When the Round Peg Squares Up

So you’ve decided to square your shoulders, lift your head and get healthy.  Everyone you know is going to be supportive, right? Wrong.

square_peg_round_holeThe pretty one. The smart one. The athletic one. The funny one. The fat one.  We all have people in pigeon holes and we all fit in someone else’s cubbies.  It’s kind of a Cosmic Spice Girl thing without the platform shoes. When we Fat Ones decide to climb out of our cubbies, we sometimes meet resistance.
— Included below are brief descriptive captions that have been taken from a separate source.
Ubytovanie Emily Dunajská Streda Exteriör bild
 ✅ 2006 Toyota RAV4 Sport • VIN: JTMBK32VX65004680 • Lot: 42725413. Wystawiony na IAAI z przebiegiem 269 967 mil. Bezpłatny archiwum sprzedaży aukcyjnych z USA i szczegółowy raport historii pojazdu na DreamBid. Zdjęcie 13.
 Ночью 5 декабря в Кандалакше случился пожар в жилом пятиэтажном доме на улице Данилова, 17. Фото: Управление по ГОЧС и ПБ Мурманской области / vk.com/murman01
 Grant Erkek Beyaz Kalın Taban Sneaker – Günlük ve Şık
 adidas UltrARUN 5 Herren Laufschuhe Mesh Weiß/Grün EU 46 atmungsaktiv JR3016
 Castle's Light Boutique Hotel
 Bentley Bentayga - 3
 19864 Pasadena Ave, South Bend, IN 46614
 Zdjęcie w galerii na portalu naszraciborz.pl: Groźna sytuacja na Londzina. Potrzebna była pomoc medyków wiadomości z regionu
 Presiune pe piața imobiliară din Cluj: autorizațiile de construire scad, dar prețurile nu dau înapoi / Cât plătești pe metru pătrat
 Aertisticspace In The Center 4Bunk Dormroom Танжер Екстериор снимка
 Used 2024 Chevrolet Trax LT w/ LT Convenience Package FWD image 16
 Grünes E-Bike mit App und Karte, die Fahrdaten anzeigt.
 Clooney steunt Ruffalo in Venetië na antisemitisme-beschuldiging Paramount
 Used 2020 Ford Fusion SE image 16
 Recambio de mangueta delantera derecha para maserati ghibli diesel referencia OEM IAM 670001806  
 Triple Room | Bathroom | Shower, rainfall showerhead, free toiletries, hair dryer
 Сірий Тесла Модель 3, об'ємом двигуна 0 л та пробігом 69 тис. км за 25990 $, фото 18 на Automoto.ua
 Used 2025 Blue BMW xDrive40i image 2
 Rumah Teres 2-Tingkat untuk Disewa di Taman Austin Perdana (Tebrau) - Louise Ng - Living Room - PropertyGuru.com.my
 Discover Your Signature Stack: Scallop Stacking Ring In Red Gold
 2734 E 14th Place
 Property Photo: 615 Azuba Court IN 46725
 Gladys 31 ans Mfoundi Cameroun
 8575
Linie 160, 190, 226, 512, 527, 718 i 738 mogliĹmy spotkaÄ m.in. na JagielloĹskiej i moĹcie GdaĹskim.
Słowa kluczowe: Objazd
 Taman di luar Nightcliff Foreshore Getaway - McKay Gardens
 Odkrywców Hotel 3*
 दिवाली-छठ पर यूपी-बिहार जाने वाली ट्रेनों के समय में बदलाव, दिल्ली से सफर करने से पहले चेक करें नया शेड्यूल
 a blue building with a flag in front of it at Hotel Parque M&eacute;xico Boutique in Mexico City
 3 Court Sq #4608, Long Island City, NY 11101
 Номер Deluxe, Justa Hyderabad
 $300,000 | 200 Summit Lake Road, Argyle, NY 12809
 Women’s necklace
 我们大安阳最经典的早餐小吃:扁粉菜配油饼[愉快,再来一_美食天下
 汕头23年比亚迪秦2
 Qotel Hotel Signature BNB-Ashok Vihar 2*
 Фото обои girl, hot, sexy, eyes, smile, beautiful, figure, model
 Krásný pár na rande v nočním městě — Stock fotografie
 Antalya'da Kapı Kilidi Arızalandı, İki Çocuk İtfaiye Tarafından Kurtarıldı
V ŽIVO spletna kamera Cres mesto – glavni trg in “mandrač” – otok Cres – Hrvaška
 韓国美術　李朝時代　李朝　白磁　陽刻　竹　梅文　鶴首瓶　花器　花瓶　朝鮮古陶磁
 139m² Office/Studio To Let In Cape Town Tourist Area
None of us makes the decision to change in an instant.  We gave it a lot of thought before we changed our lifestyles. We got used to the idea internally before we ever floated it out there in the world. By the time we get the idea into action, it’s not new to us anymore; however, to those around us, it may very well be. The aren’t used to it and, frankly, they may not like it.  We are upsetting their cubby system. We are all set to mess up their pegboard.

Fortunately, the wonderful people in our lives will make the adjustment from surprised to supportive to willing to revamp their own pegboards in just moments.  The toxic people in our lives will not. They are the ones who will say things like, “You’re so fat, what does it matter if you miss one day at the gym?” (Someone actually said that to a friend of mine. Can you imagine?) They may say, “What are you doing? Starving yourself again?” (Again, an actual quote.) Those statements are, as my mother would have said, about as helpful as a case of the clap.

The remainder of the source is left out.